◆ WHAT YOU WILL DO ◆
Produce a word-for-word copy of the line that contains "Цветы похожие на" and each line after it through the end of the material, omitting pictures and all other lines.

####

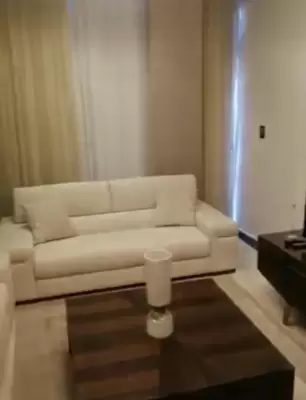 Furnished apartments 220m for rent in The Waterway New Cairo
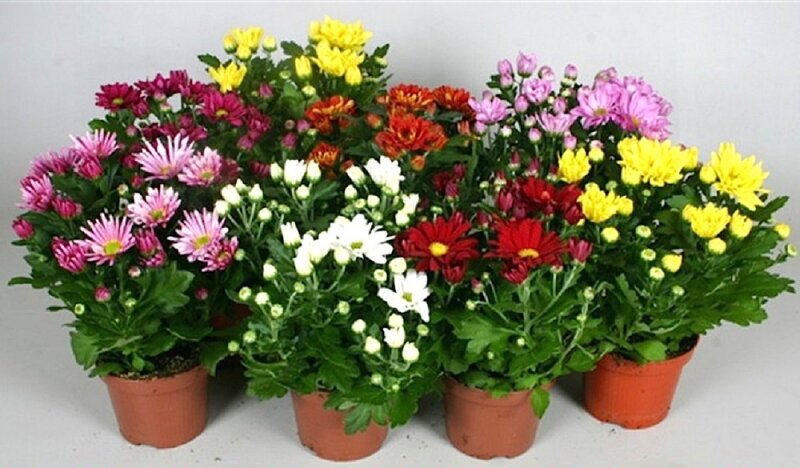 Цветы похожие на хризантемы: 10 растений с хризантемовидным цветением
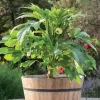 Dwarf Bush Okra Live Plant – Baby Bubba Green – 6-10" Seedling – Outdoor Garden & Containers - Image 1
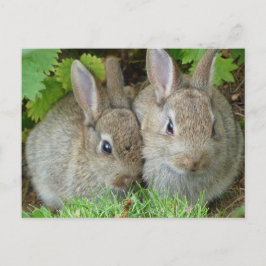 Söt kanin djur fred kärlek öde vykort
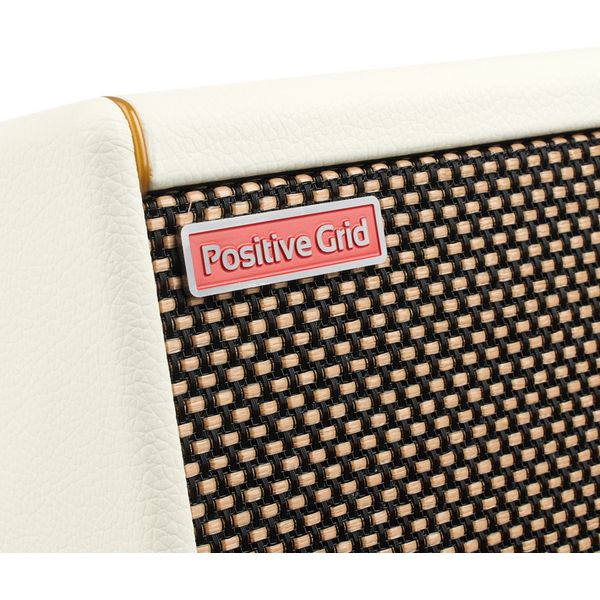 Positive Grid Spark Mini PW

####

◆ EXERCISE RESULT ◆
 Цветы похожие на хризантемы: 10 растений с хризантемовидным цветением
 Dwarf Bush Okra Live Plant – Baby Bubba Green – 6-10" Seedling – Outdoor Garden & Containers - Image 1
 Söt kanin djur fred kärlek öde vykort
 Positive Grid Spark Mini PW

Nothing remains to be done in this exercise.